EXAMPLE 6The procedure of Example 5 is repeated, except that the drug is administered every six hours instead of every four hours by adjusting the dose accordingly. The same results are expected substantially.
EXAMPLE 7The procedure of Example 5 is repeated, except that the drug is administered every eight hours instead of every four hours adjusting the dose as a correeponde. The results are substantially improved.

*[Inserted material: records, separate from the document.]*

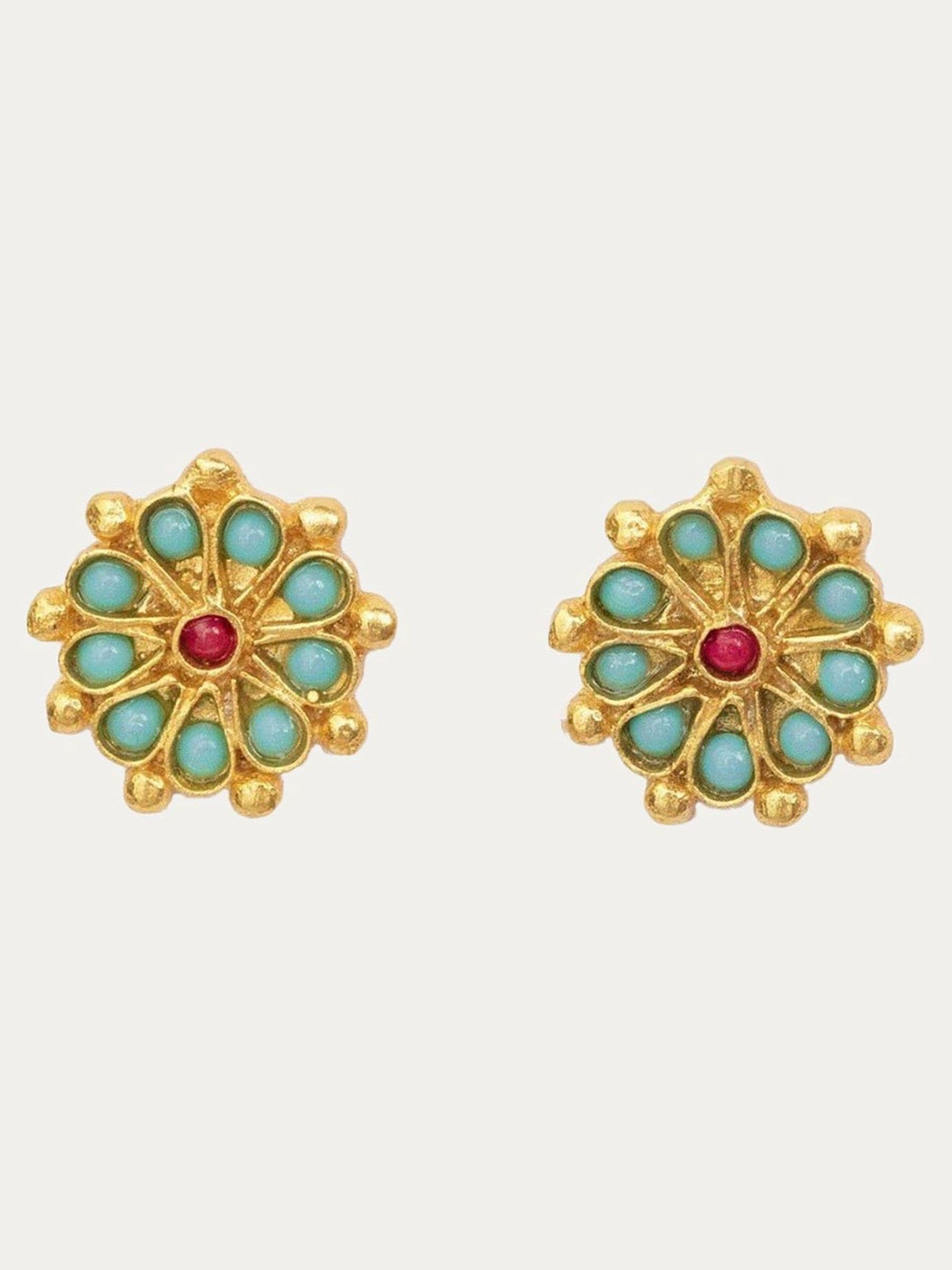 Ottoman Hands gold tone marigold turquoise and red agate beaded stud earrings (British brand)
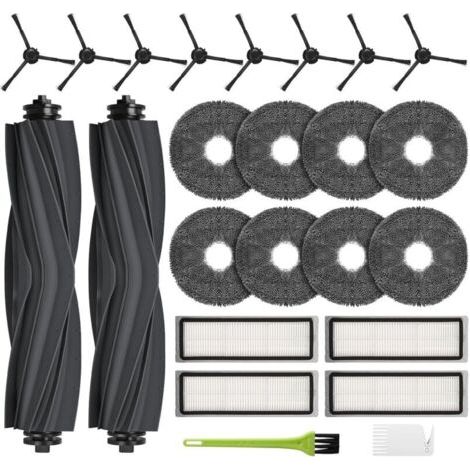 Zubehör für Dreame L10s Ultra / L10s Pro / L10 Ultra Ersatzteile für Xiaomi X10 Plus Staubsauger: 2 Hauptbürsten, 8 Reinigungstücher, 4 Filter, 8 Seitenbürsten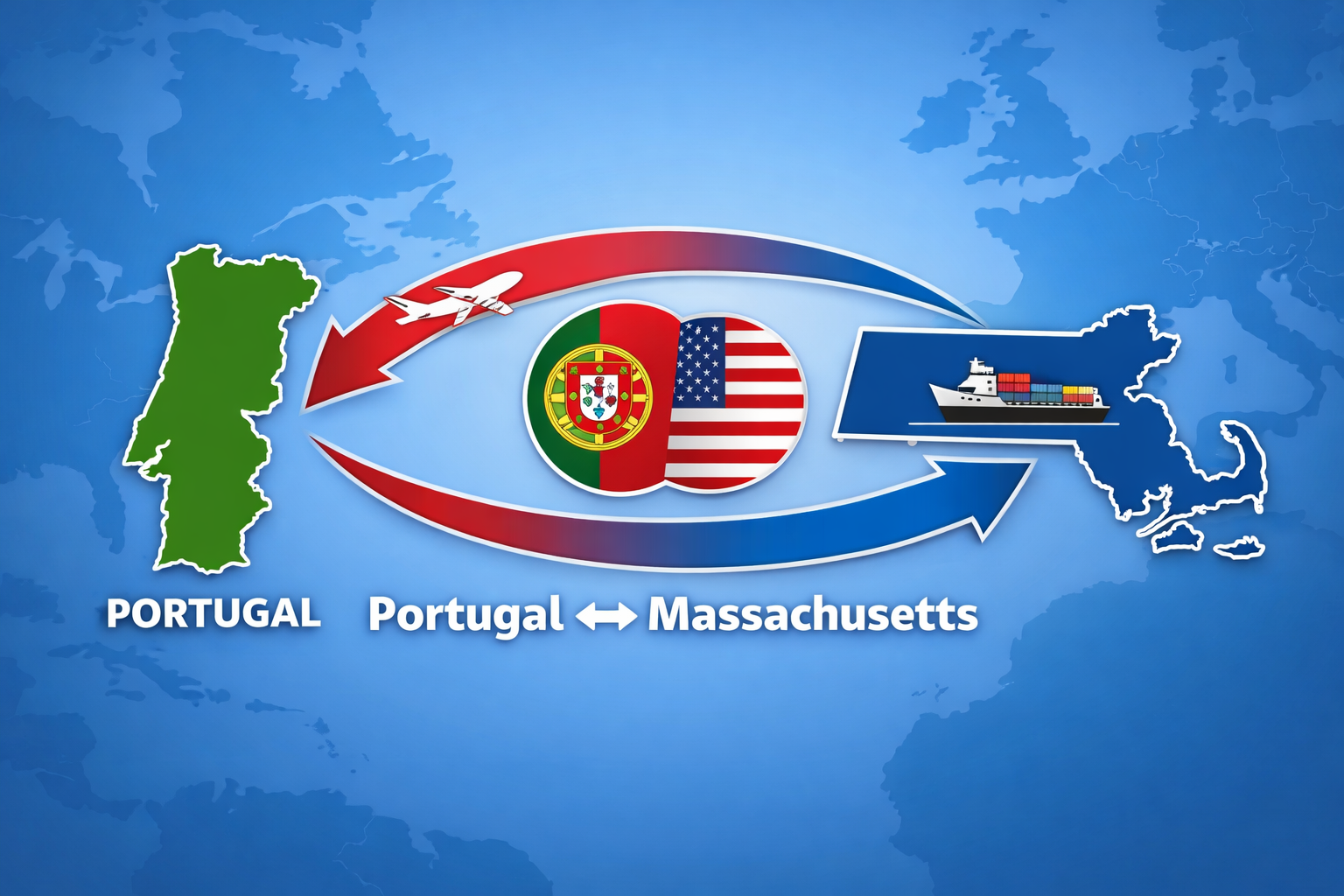 Portugal to Massachusetts route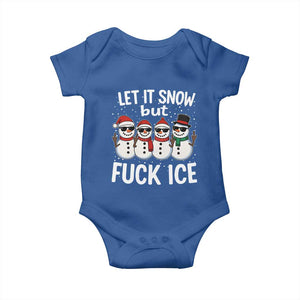 Anti ICE Christmas Baby Onesie Funny Snowman Cute Finger Let It Snow Funny FDT TS10 Royal Blue Print Your Wear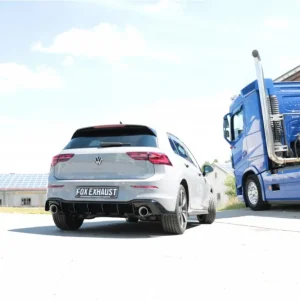 Preisreduziert Fox Duplex Auspuff Sportauspuff Endschalldämpfer für VW Golf 8 GTE mit Einsatz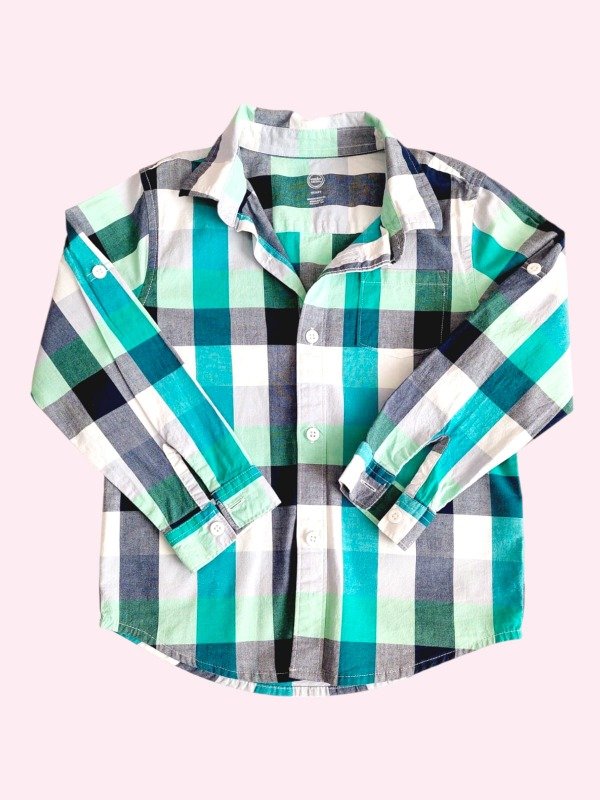 Producto - Camisa manga larga cuadrille verde con azul Wonder Nation 5 años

EXAMPLE BThe procedure of Example 5 is repeated, except that the drug is administered every twelve hours instead of every four hours, adjusting the dose accordingly. The same results are expected substantially.
EXAMPLE 9The procedure of Example 1 is repeated, except that prostaglandin Ei is replaced by prazosin, at a dose of approximately 3.0 ug / kg of body weight. The same results are expected substantially.
EXAMPLE 10The procedure of Example 9 is repeated, except that the drug is administered every six hours instead of every four hours by adjusting the dose co or corresponds. The same results are expected substantially.
EXAMPLE 11The procedure of Example 9 is repeated, except that the drug is administered every eight hours instead of every four hours by adjusting the dose accordingly. Substantially the results are expected1EXAMPLE 12The procedure of Example 9 is repeated, except that the drug is administered every twelve hours instead of every four hours by adjusting the dose accordingly. The same results are expected substantially.
EXAMPLE 13The procedure of Example 1 is repeated, except that prostaglandin E is replaced by prazosin, at a dose of about 5 mg. The same results are expected substantially. EXAMPLE 14The procedure of Example 13 is repeated, except that the drug is administered every six hours instead of every four hours by adjusting the dose as a correeponde. The same results are expected substantially.
EXAMPLE 15The procedure of Example 13 is repeated, except that the drug is administered every eight hours instead of every four hours by adjusting the dose accordingly. The same results are expected substantially.
EXAMPLE 16The procedure of Example 13 is repeated, except that the drug is administered every twelve hours instead of every four hours by adjusting the dose accordingly. The same results are expected substantially.